* Brief *
Give the data again word for word; drop the pictures.

Supplied material Start Marker

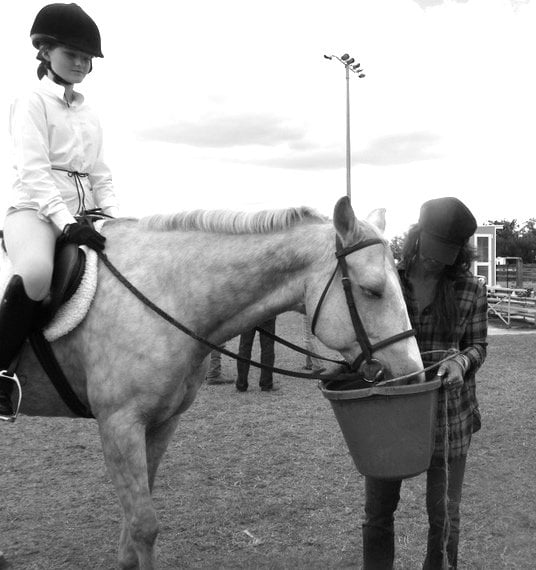 FANTASY FARMS EQUESTRIAN CENTER Updated September 2024 15 Photos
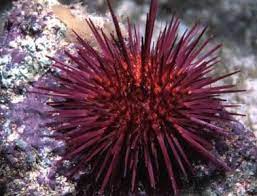 We did not find results for: Echinodermata Adalah Pengertian Ciri Klasifikasi Dan Contoh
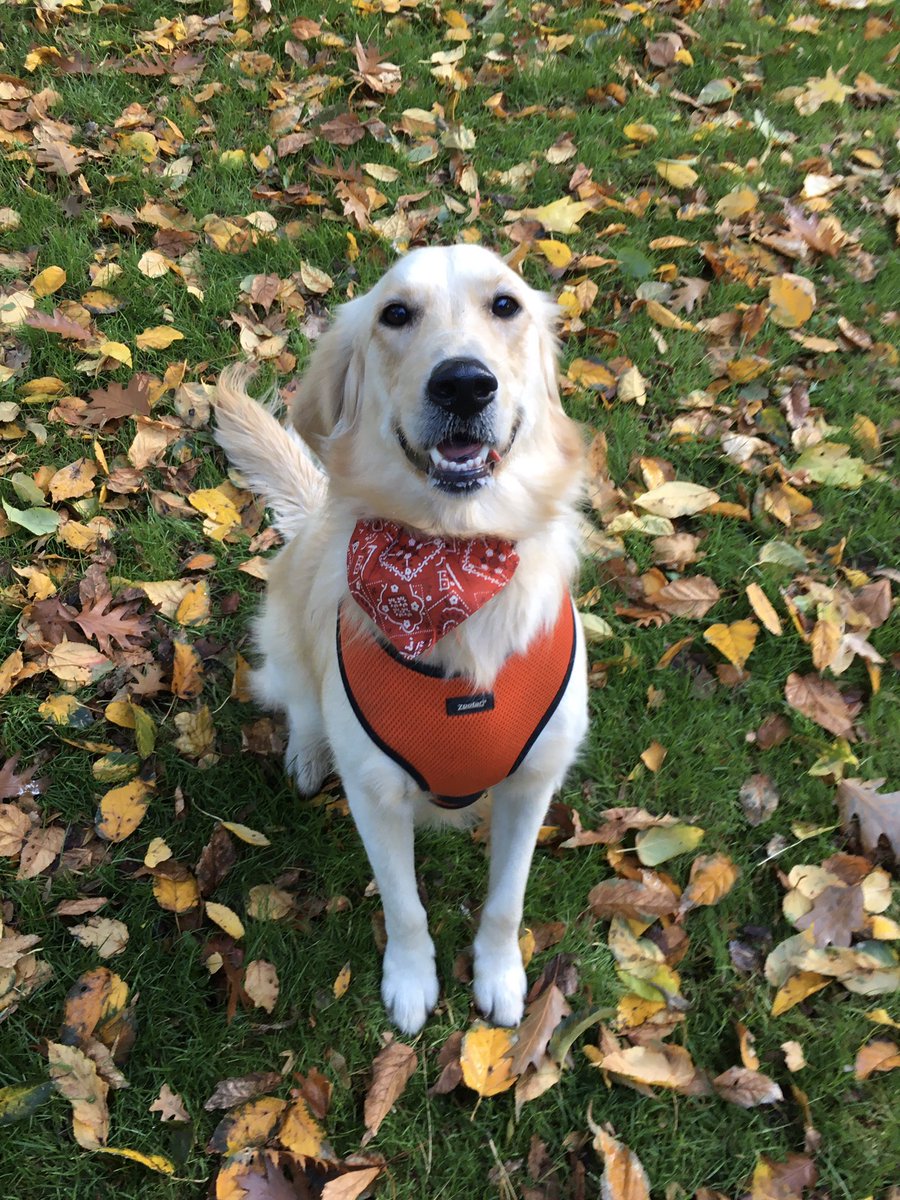 Tomandtoto's tweet photo. More #smiling faces and #wagging #tails with @AgeUKNorwich in @Waterloo_Park today 🙌🐾😊 #BeActive #connect #takenotice #keeplearning #pawsforwellbeing https://t.co/hkKRxeOjcB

Supplied material End Marker

* Result of the exercise *
 FANTASY FARMS EQUESTRIAN CENTER Updated September 2024 15 Photos
 We did not find results for: Echinodermata Adalah Pengertian Ciri Klasifikasi Dan Contoh
 Tomandtoto's tweet photo. More #smiling faces and #wagging #tails with @AgeUKNorwich in @Waterloo_Park today 🙌🐾😊 #BeActive #connect #takenotice #keeplearning #pawsforwellbeing https://t.co/hkKRxeOjcB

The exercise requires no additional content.